But the hosts are just as interested in the personal stories of their guests: how a graduate student who studies insects overcame her childhood fear of them, how a homeland history of malnutrition inspired a career in food science, how a couple of physicists maintain their marriage from a distance.
When they’re not interviewing guests, Bosley, a science historian and assistant director for education and outreach at Nebraska’s Materials Research Science and Engineering Center, and Nordell, a quantum physics expert and lab manager with the university’s Extreme Light Laboratory, like discussing topics awash in misconception, myth or mystery. What’s a theory, and what is it not? What does “intelligence” actually mean? Why is diversity essential to good science?

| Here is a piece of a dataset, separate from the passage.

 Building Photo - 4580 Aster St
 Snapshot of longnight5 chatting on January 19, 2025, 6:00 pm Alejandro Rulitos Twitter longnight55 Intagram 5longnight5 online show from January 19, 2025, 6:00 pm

Nebraska Today recently sat down with the Husker alumni to talk about their “mom-and-pop” podcast, the thin line between loving and hating science, and Nordell’s big laser.
How would you describe the overall ethos of the podcast? How do you settle on episode guests and topics?

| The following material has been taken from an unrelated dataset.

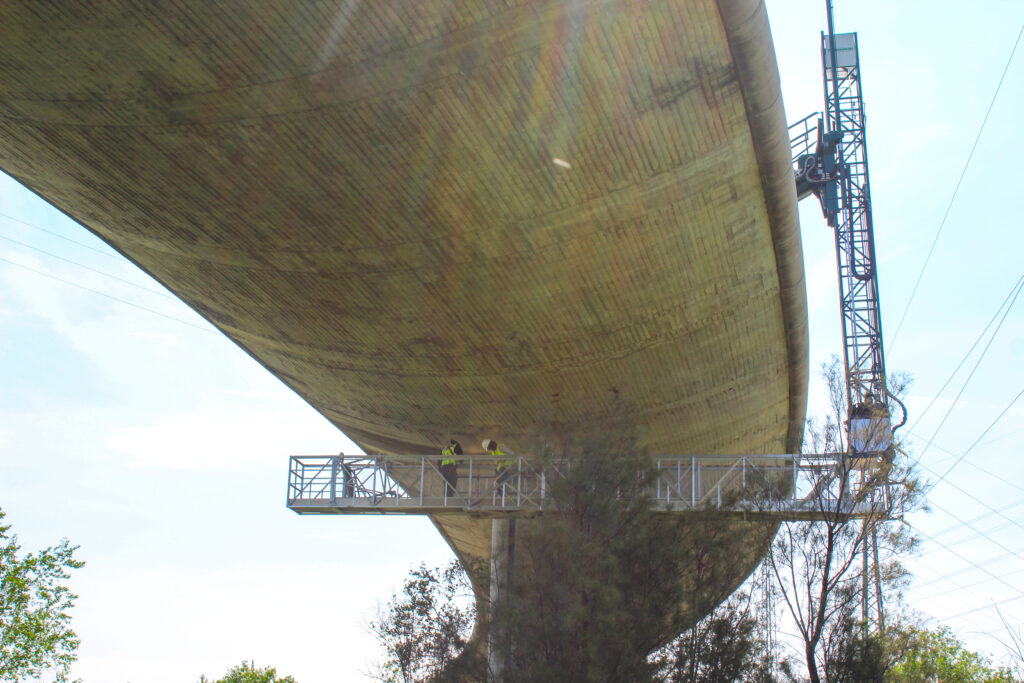 plataforma inspección bajo puentes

Bosley: One of the things we say a lot is, “Science is for everyone.” And that was not a tagline that we came up with at the outset. It was just something we found ourselves saying. We definitely want people to understand the content of what we’re talking about. But way more important than that is helping them understand that scientists are people, too.
I feel like a lot of the most fun, fascinating, hilarious people that I know are scientists. And I don’t think that people who don’t hang out with scientists on a regular basis really know that or even could imagine it. So it was like, “I have all these cool friends who are scientists, and we have all these cool conversations, but I wish other people could kind of be in on those.” In fact, a lot of our first guests were friends of ours already. We were like, “Hey, this literally is science with friends. Come here, friend, and we’ll have a talk about science.”

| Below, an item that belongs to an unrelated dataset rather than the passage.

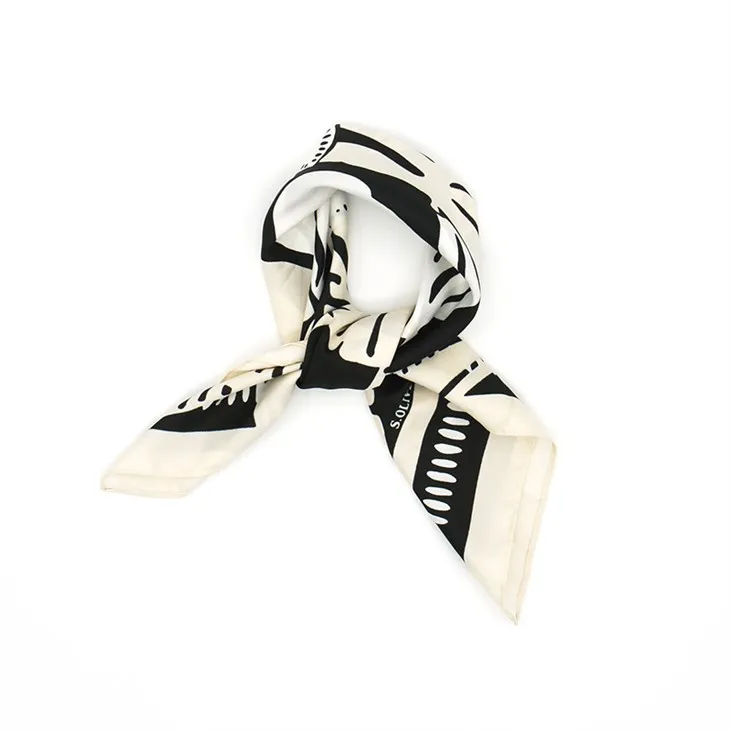 Квітковий принт Twill Bandana S042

Nordell: A lot of times we have a list of things we want to discuss on the show, and we usually stick to that. But sometimes we realize that there’s a calendar event (coming up), so we try to find people who study that (topic). Or, you know, “It’s Nicolas Cage Week,” so we have to find ways to talk about Nicolas Cage.
Bosley: Is there a Nicolas Cage Week? If not, we should start one.
Speaking of Nicolas Cage: He’s found himself the subject of several Science! with Friends conversations, especially in your episode on causality. As podcast hosts, you clearly try not to take yourselves too seriously. Was that a conscious decision? Did it come naturally? Both?
Bosley: There was never going to be any other way that Brad and I were going to have a conversation, other than to not take ourselves too seriously. It’s very sort of irreverent and conversational. And we take lots of twists and turns in our conversations. When we were interviewing Lisa Poppe, who recently defended her Ph.D. in virology, somehow we ended up in a whole discussion of which Harry Potter book was the best. … I think those freewheeling kinds of conversations are key to our ethos, if you will.
Nordell: Her episode is now second in most views. We proved that titles matter. “Everyone Has Herpes” catches you — especially the French, which we always joke about, because they started listening to our podcast after we put it out there. But I think (the title) came out of the interview.
Bosley: Yeah, it was something she just said, and we were like, “There’s the episode title right there. We’re done.”
You both seem to take pride in the fact that your curiosity and interests extend beyond the natural sciences — that you love the social sciences and humanities, too. How do you think that has shaped Science! with Friends?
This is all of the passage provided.